I told him the other day he could get his bike out for some exercise on the evenings if he wanted as I'd love for him to have more energy and feel better about himself but I would never have said " get on yer bike and shift that fat belly", because I love him and I don't want to hurt his feelings.

OP posts:
itseasybeingcheesy · 07/09/2019 16:39

@Tigger001 DH doesn't want to stop contact as even though he agrees she is negative and nasty in her opinions (in general not just things like this) he loves her and doesn't want to have no relationship with her.

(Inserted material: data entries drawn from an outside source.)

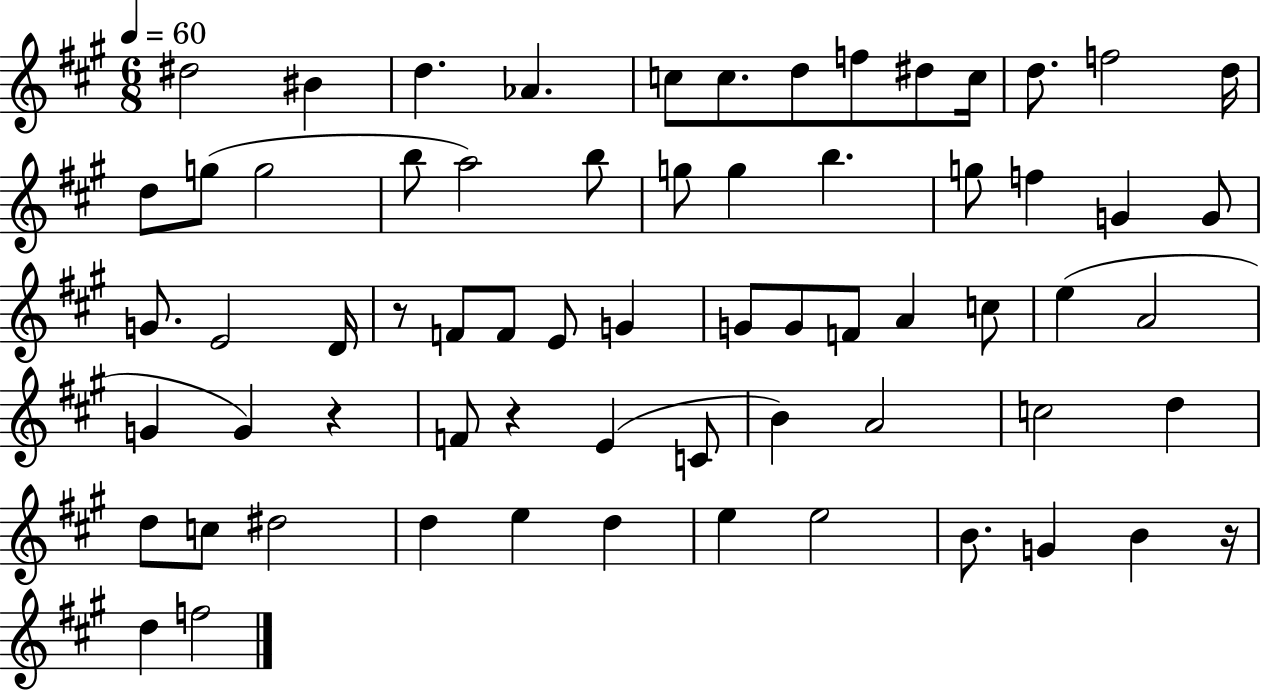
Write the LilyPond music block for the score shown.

{
  \clef treble
  \numericTimeSignature
  \time 6/8
  \key a \major
  \tempo 4 = 60
  \repeat volta 2 { dis''2 bis'4 | d''4. aes'4. | c''8 c''8. d''8 f''8 dis''8 c''16 | d''8. f''2 d''16 | \break d''8 g''8( g''2 | b''8 a''2) b''8 | g''8 g''4 b''4. | g''8 f''4 g'4 g'8 | \break g'8. e'2 d'16 | r8 f'8 f'8 e'8 g'4 | g'8 g'8 f'8 a'4 c''8 | e''4( a'2 | \break g'4 g'4) r4 | f'8 r4 e'4( c'8 | b'4) a'2 | c''2 d''4 | \break d''8 c''8 dis''2 | d''4 e''4 d''4 | e''4 e''2 | b'8. g'4 b'4 r16 | \break d''4 f''2 | } \bar "|."
}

It's not my place to keep the kids from her if it's not a joint parenting decision.

I feel like the LTB crew has become the "stop all contact" crew on here now.
Some people don't just cut others out of their lives.

OP posts:
EKGEMS · 07/09/2019 16:40

Cruel and unkind imo

31RueCambon75001 · 07/09/2019 16:48

On the surface of it, no big deal. Her son and she said it about him. However if she was trying to manipulate you in to agreeing with her so that she could later ambush him with the information that @itseasybeingcheesy thinks you're fat Shock but I think you suit the extra pounds then, it that sort of situation it would be manipulative and ansty. Only you know.

SunshineAngel · 07/09/2019 16:52

It depends entirely on a) the intent behind the comment and b) the relationship between mother and son.

Me and my partner call each other fat all the time, and make similar comments - we don't mind. Yet if someone else said it to me, I would be seriously offended.

On paper it sounds like you've overreacted tbh, and it's certainly not something that you should stop speaking to her for. Life is honestly too short.

JemSynergy · 07/09/2019 16:56

I'd laugh too.

KUGA · 07/09/2019 16:59

I would have said a week after you`re due date.